There are some good reasons for an entrepreneur to do the
business plan:
- First of all, because you can. If you’ve read sample
business plans and find their accounting jargon intimidating,
you are not alone. But as long as you can clearly get your
message across and have other people such as you accountant look
at the plan before it goes to lenders or others, you can do this
work yourself.
- It is in learning the business planning process that you
develop analytical thinking skills necessary to run your
business with an intimate understanding of your own business
model. Going through the planning process is an invaluable
business experience.
- You need to know the plan inside and out and really understand
the variables involved. You are the one who will be asked the
tough questions by potential investors or lenders, such as
“What will you do if only half your expected revenue comes
in?” or “What will you do if you find out that direct mail
is not working for you as your primary marketing tool?”

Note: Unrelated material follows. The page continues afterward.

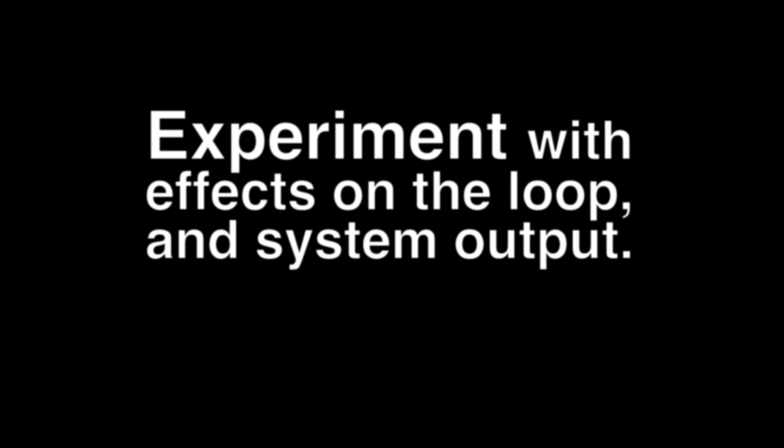Another one here, reverb. Each time it goes through it's a bit like the old Alvin Lucier, I'm sitting in a room.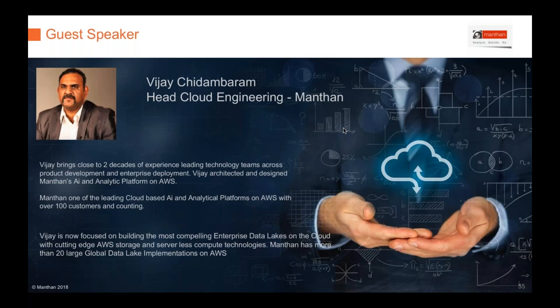I'm now going to introduce our guest speaker — Vijay Chidambaram, who heads cloud engineering at Mantan. Mantan is one of our partners — an analytics ISV and an advanced user of the AWS analytics platform. Vijay is here to talk about how Mantan has built a data lake on the AWS platform.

Outsourcing the Business Plan Process
Entrepreneurs are fire fighters. One of the most important jobs
of an entrepreneur is to manage time, and do those things that you
are best skilled to do. Many entrepreneurs decide to hire someone
else to do their business plans, often because they have an urgent
need for the funding and can’t afford the learning curve to be
able to develop a high-quality plan that will meet the needs of
lenders or investors.
In addition, if your funding requirements are more than $500,000
my recommendation is to get some professional help with this
project, even if you do some of it yourself.
Some reasons to consider hiring a consultant:
- It will get done! Business planning is done much faster with
someone who knows the process. Every entrepreneur has good
intentions about getting plans completed, but months later they
still haven’t done all the work.
Planning should be high
priority work, but it is hard to get to when customer calls and
employee problems require immediate attention. The sooner the
plan is completed, the sooner funding can be attained. And the
price of hiring the consultant will be small in comparison with
the increases in growth and profitability of the business.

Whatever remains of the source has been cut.